%%
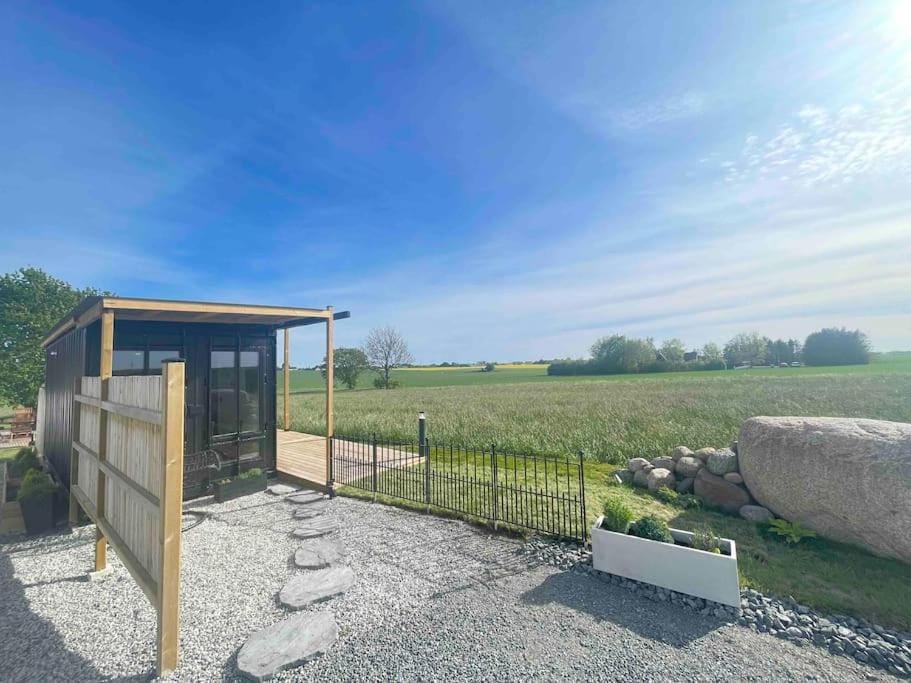 Container Apartment in Skåne County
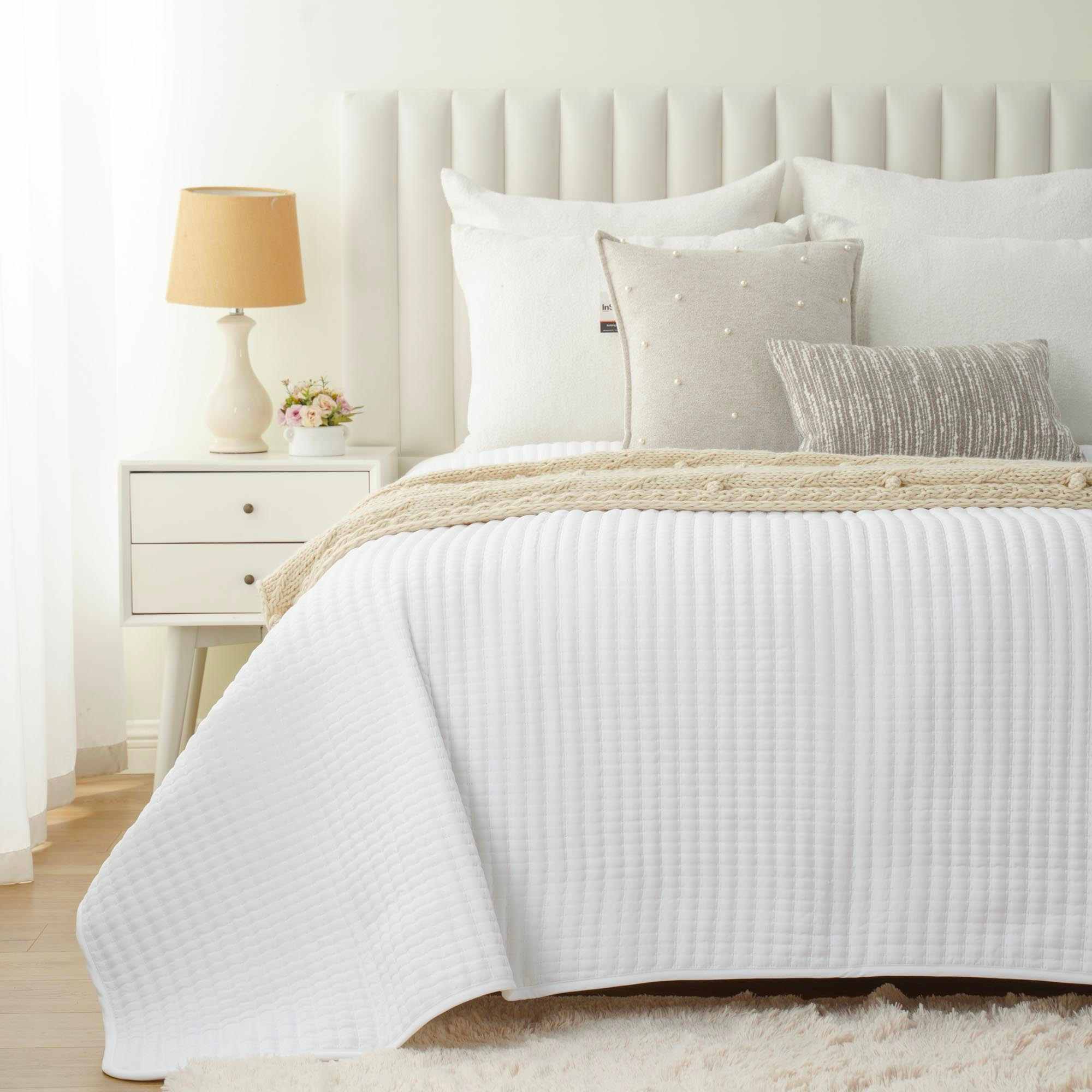 brushed microfiber quilt 5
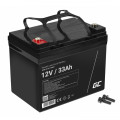 APB.12.33 AGM21; Green Cell AGM Battery 12V 33Ah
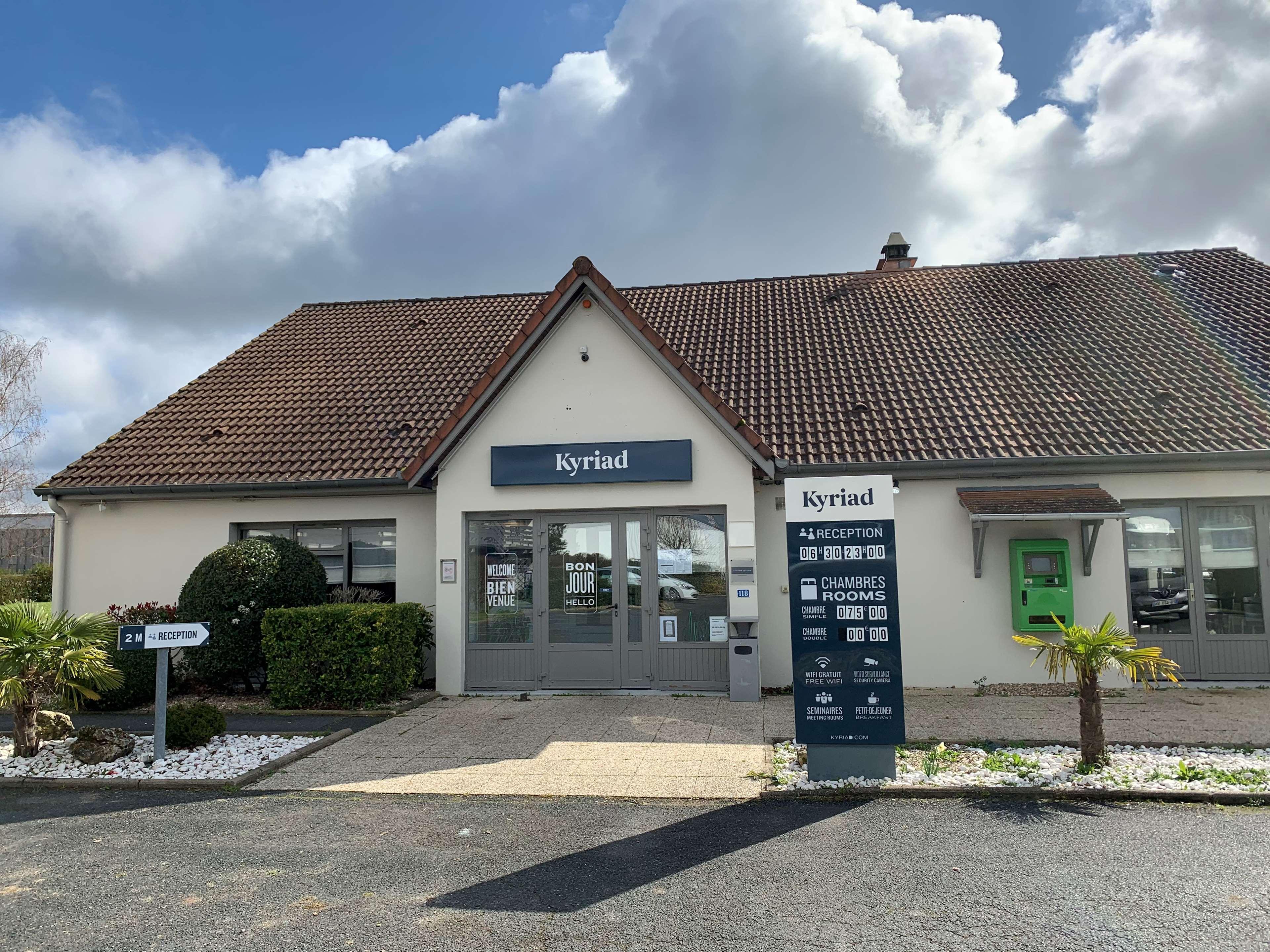 Kyriad Chateauroux - Saint-Maur Ngoại thất bức ảnh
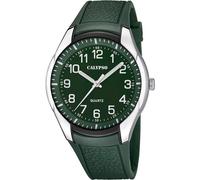 Calypso Herrenuhr K5843/3 Street Style – Kautschuk Grün, Quarz, Wasserdicht 5 ATM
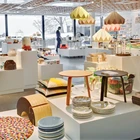 Gift Modern Gift Shop Interior Layout Design Ideas Customized Wall Gift Display Cabinet Product Displays Stand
%%
> _The problem_: Output, exactly and without pictures, the span of lines that starts at the line containing "brushed microfiber quilt 5" and ends at the last line above.

> _Result of the task_:
 brushed microfiber quilt 5
 APB.12.33 AGM21; Green Cell AGM Battery 12V 33Ah
 Kyriad Chateauroux - Saint-Maur Ngoại thất bức ảnh
 Calypso Herrenuhr K5843/3 Street Style – Kautschuk Grün, Quarz, Wasserdicht 5 ATM
 Gift Modern Gift Shop Interior Layout Design Ideas Customized Wall Gift Display Cabinet Product Displays Stand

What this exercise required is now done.